Since I was a child, I have always wanted to know Yiddish. Not learn it, not study it—just wake up one day knowing it. When I was about 10, I had a brilliant idea. If my parents would agree to speak only Yiddish with each other, it would just come to me without effort. When I made the suggestion, there was no discussion—discussion was not a thing in our house. I got “the Look,” and we were done.

But now, at 68, I have learned a fair bit of Yiddish, and all since I turned 60. I speak it—a little. I understand much, but by no means all, of what I hear; I read perhaps three or four pages at a time. But I’m still poking along, and I intend to do so indefinitely.

Sholem Aleichem’s Motl Peyse in the 1953 edition of Motl Peysi dem khazans. (Courtesy of the Yiddish Book Center.)

Why have I spent my time on this peculiar hobby? I don’t entirely know, and I have no “just-so” story about how my entire life has led me to this moment. Of course, I’ve had plenty of practice answering the question. Many people have asked me—in fact, everyone I know who isn’t actually studying Yiddish asks. The question is always followed by, “Why do you want to learn a dead language? Who are you going to speak it with?” These are very good questions. I never try to argue that Yiddish is not dead and may be spoken for centuries yet, because, in the common-sense way that they mean, Yiddish is certainly in its last throes.

Yiddish was more present in my early life than in that of some of my contemporaries. My father’s parents got here very late in the great migration of Jews to the United States—my grandfather in 1913 or 1914, my grandmother in 1917. My grandfather Avrom traveled from Babruysk in what is now Belarus to New York, where he became a baker. He left behind my grandmother Anna, intending to send for her and their infant son—my Uncle Sam. Anna was an orphan who had been apprenticed to a bagel baker. At five foot seven inches, she was a Valkyrie among Jewish women. Anna may have spent her childhood in hell baking bagels, but at least someone fed her. Next to my grandpa Avrom, she looked like one of those giant mantises that eats its mate after copulating, only fatter.

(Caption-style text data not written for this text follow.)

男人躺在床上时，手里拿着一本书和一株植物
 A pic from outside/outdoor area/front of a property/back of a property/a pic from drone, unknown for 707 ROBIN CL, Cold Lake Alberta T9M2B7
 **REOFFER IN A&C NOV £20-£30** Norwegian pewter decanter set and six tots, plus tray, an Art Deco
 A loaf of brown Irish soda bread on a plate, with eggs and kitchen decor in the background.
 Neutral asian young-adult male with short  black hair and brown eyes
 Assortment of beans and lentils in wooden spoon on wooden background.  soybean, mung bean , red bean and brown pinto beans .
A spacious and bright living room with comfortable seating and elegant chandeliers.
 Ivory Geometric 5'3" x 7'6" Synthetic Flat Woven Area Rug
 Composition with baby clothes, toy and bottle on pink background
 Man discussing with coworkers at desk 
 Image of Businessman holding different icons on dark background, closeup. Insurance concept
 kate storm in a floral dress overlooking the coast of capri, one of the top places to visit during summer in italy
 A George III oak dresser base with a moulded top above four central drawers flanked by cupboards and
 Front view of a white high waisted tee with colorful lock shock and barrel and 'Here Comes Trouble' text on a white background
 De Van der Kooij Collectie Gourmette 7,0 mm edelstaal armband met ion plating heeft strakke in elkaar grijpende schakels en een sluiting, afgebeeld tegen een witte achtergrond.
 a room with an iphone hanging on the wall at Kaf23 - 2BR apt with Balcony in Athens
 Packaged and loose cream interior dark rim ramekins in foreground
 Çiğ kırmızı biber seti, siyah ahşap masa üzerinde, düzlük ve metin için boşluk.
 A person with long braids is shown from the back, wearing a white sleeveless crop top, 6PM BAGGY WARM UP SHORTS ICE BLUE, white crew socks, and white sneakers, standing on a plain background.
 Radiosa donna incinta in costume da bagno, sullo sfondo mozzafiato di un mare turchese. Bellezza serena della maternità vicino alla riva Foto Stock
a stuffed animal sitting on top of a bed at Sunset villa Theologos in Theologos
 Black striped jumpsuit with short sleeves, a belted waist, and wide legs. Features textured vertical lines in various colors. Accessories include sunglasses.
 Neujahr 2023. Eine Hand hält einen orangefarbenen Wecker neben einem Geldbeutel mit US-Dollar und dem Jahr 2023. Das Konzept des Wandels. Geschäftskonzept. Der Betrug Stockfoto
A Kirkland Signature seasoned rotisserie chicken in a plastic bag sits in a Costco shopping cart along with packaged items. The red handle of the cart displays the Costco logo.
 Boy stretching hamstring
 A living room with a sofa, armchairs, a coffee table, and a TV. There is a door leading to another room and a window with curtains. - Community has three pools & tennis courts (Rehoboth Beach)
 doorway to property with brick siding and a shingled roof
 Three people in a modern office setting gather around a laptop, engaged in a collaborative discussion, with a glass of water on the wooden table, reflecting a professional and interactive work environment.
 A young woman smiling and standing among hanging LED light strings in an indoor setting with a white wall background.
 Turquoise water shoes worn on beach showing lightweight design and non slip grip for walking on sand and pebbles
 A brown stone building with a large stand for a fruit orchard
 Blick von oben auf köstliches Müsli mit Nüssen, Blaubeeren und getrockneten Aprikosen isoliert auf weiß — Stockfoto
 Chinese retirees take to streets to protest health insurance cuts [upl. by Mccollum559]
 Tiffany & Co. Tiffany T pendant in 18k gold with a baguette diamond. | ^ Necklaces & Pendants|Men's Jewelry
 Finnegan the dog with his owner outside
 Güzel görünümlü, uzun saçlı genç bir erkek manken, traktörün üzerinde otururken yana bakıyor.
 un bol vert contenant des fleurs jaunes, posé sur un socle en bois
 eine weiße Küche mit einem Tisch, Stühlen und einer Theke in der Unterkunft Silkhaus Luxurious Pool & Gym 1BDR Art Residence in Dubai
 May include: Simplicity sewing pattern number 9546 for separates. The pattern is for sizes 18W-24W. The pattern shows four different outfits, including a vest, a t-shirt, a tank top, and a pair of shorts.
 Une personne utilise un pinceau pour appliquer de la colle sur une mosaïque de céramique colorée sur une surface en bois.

But World War I broke out, and the ordinary emigration routes through Hamburg, Trieste, and Liverpool were barred. So in 1916, Anna set out with baby Sam across Russia to Harbin in China; then on to Nagasaki and Yokohama, Japan; by ship to Seattle; and by train to the Lower East Side. Whenever she ran out of money, she waited for my grandfather to send more—through the Hebrew Immigrant Aid Society (HIAS) way stations, I now realize.

The story of my grandparents’ meeting after so many years always required a little Yiddish in my father’s telling. Anna asked Avrom what he did. “I’m a baker.” “And what do you earn?” “Thirty rubles.” “Draysik rubl a kheydesh”? (Thirty rubles a month?) “Neyn, draysik rubl a vokh.” (No, 30 rubles a week.”) “Oy, du bist a noged.” (You’re a prince!) My father was born nine months after this conversation.

My father, naturally, spoke only Yiddish until he went to school. He returned after the first day with much information about the “kindergortn mentshn.” Of course he learned English after that without an accent, if someone who grew up on the Lower East Side and in Brighton Beach could be said to have no accent. Dad always spoke Yiddish with his parents, but by the time I came to consciousness, they lived mostly in Miami Beach, where my grandma had acquired a small hotel.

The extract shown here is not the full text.